なければ、お近くの月極駐車場などを利用しなければいけません。

この賃貸物件から駐車場までの距離が近ければ近いほど良いという考えですが・・・地方になるとその考えが一変します。
といっても、遠くても良いなんて考えられているのではありません。
地方にとって車所有が当たり前で、駐車場付きの賃貸物件も当たり前と考えられているように、賃貸物件と駐車場が隣接していて当たり前という考えとなっているのです。
道路を挟んでいるだけでも有り得ないとの考え方さえあります。

地方は都市部ほど建物や施設が密集しておらず、またひとつひとつの土地もそれなりの広さがあるため、賃貸物件から駐車場まで距離を置く理由が無いのですね。
車は移動手段だけでなく、物を運ぶ手段としても利用されます。
大きめの家具を買って、配送を利用せず自分の車で持ち帰った場合、駐車場から賃貸物件まであまり距離があっては運び入れられない・・・ということにもなるわけです。

もし都市部にお住まいの方が、こういった地方の事情を知らずに地方で不動産投資をしようとするとどうなるでしょう。
土地が広いからなるべく部屋数の多い賃貸マンションを建てて、駐車場は少し離れたところに・・・なんて考えていては、目論見通りの利用者はほとんど現れません。
駐車場付きでない賃貸物件だと言うに及ばずです。

駐車場と賃貸物件(賃料)

駐車場と賃貸の関係ということで、今回は駐車場付き賃貸物件についてのお話です。
駐車場と賃貸物件の関係は、都市部と地方では大きく異なります。
都市部では電車やバス等の公共交通機関が発達しているため、自家用車が無くとも生活は充分可能です。
車なんて持っていても税金、保険、駐車料金などで出費がかさむだけだし、運転免許証さえ持っていないという人も珍しくありません。
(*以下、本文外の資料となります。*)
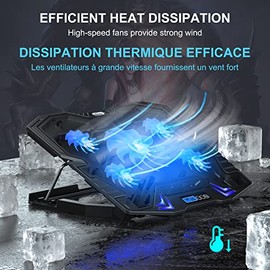 TopMate refrigerador para laptop gamer de 12-15.6 pulgadas, cinco ventiladores silenciosos y pantalla LCD, fuerte velocidad de viento de 2500 RPM dise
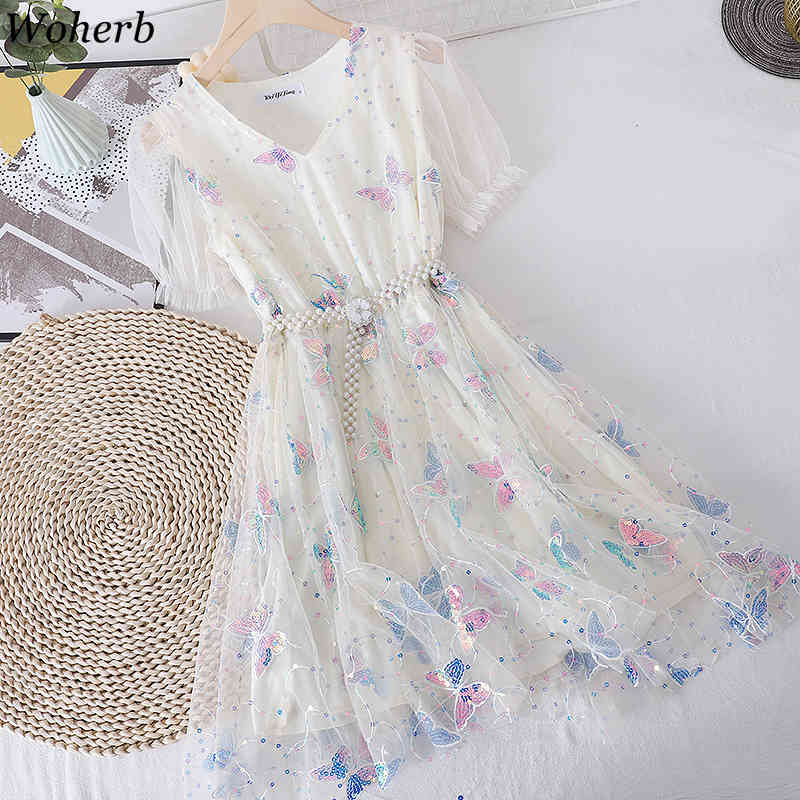 Elegant Lace Dress Women Sweet Mesh Robe Harajuku Butterfly Sequined Patch Kawaii Dresses Summer Casual Y2k Vestido 210519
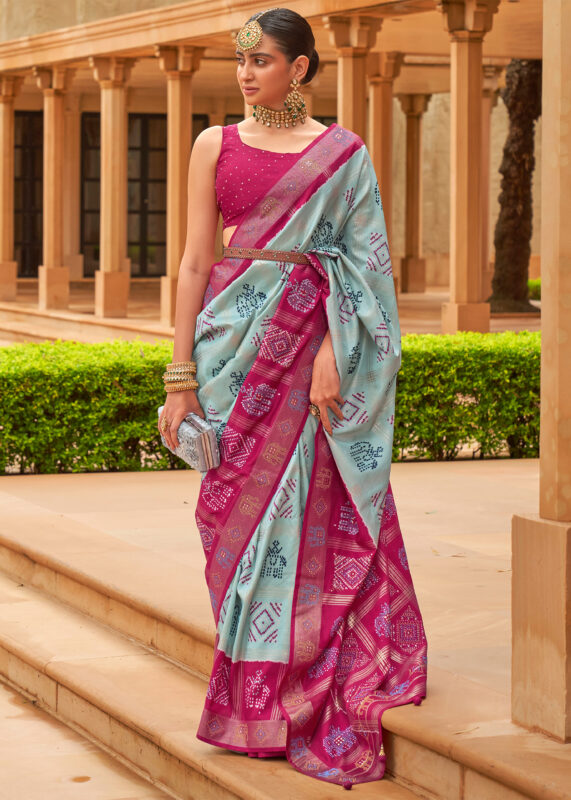 Pastel Blue Patola Saree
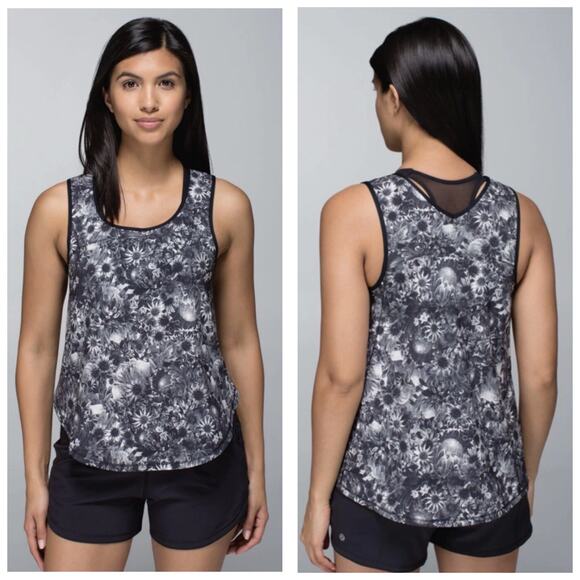Lululemon Run Split Singlet Flowabunga Black Angel Wing Tank Top Athletic - Picture 1 of 13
対し、地方ともなると車がなくては生活がままならないほど。
もっとも近いバス停までも1km以上の距離があったり、運行時間も1時間に1本というのが当たり前なくらいです(1kmや1時間なんてまだマシな方ですが)
車がなくては、通勤は当然のこと買い物さえ難しいのですね。

そのため、地方で賃貸物件を探すとなると、当然駐車場付きの物件を探し求めることになります。
まれに駐車場のない賃貸物件があったとしても、それは人気が無いばかりか敬遠される物件となることでしょう。

ただ、そんな地方でも駐車場の賃料も必要です。
一家族につき、所有している車が2台の場合もあれば1台の場合もありますからね。
一昔前であれば駐車場の利用なんて当たり前でしたので、駐車場の賃料なんてものは必要無かったのですが・・・(アパート等の部屋代のみ)
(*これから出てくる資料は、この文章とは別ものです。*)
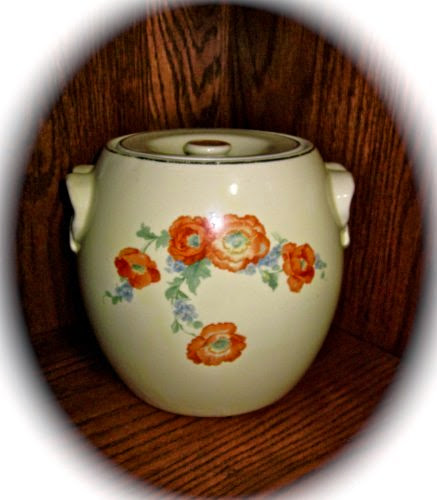  VINTAGE Halls Orange Poppy Pretzel Handle Ceramic Cookie Jar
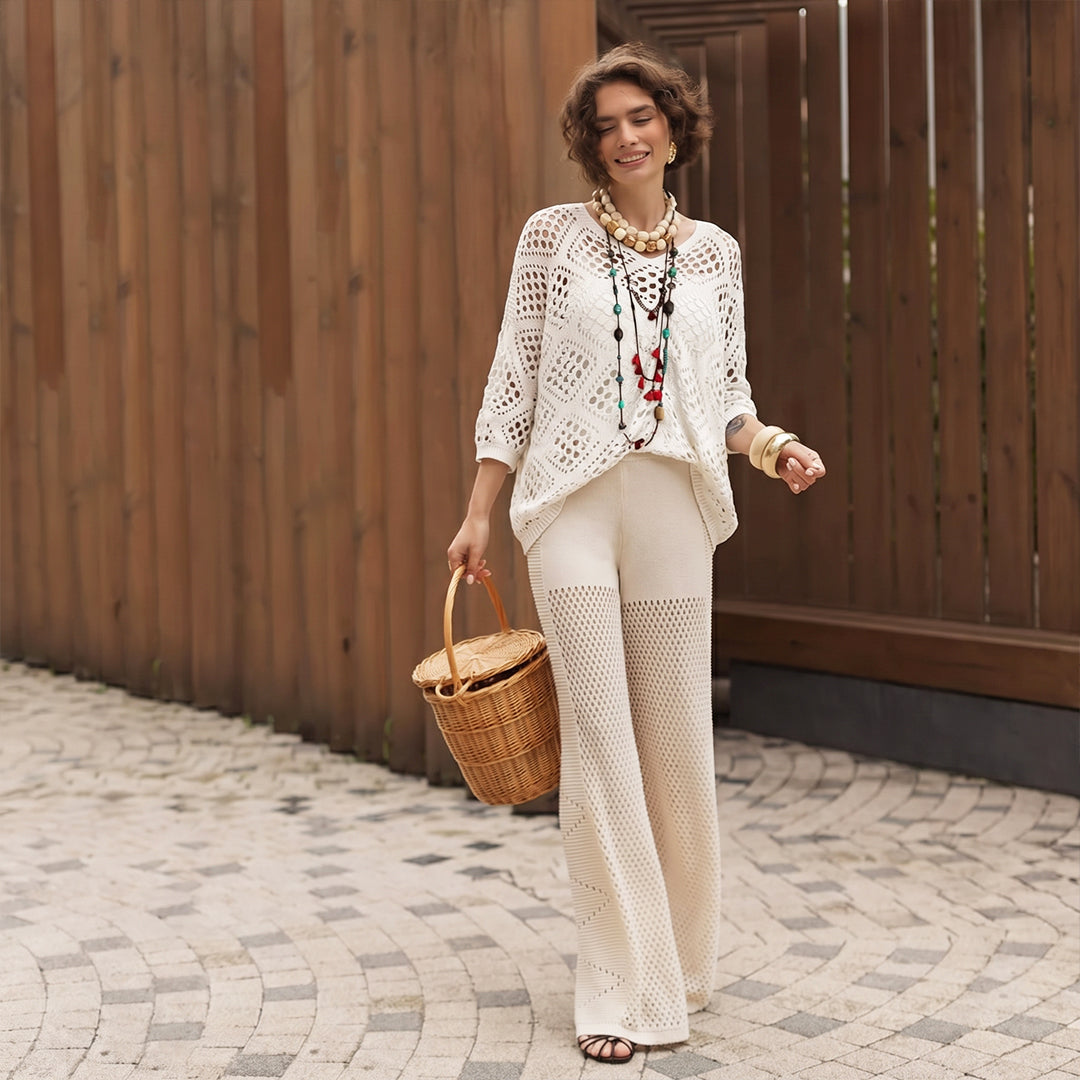 Inspired Beige Crochet Top with V-Neck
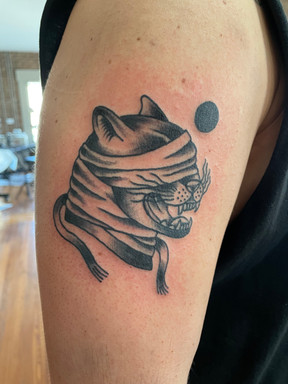 magic panther blackwork illustrative traditional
とはいえ、ほぼ必ず必要となる駐車場の賃料ですから、それほど高額ではありません。
地域によりますがだいたい3千~5千ほどと、比較的良心的な額となっています。

地方では安い駐車場の賃料。
これが都市部となると・・・まず桁が変わります。
都市部では車所有=富裕層(もしくは高給取り)との見方さえあるため、簡単に1万~2万ほどがかかってしまうのですね。

駐車場にありがちなトラブル

駐車場も不動産の一種です。
数ある不動産の中でも賃貸アパートやマンションにはトラブルはつきものだとは言いますが、賃貸の駐車場ではどうでしょうか。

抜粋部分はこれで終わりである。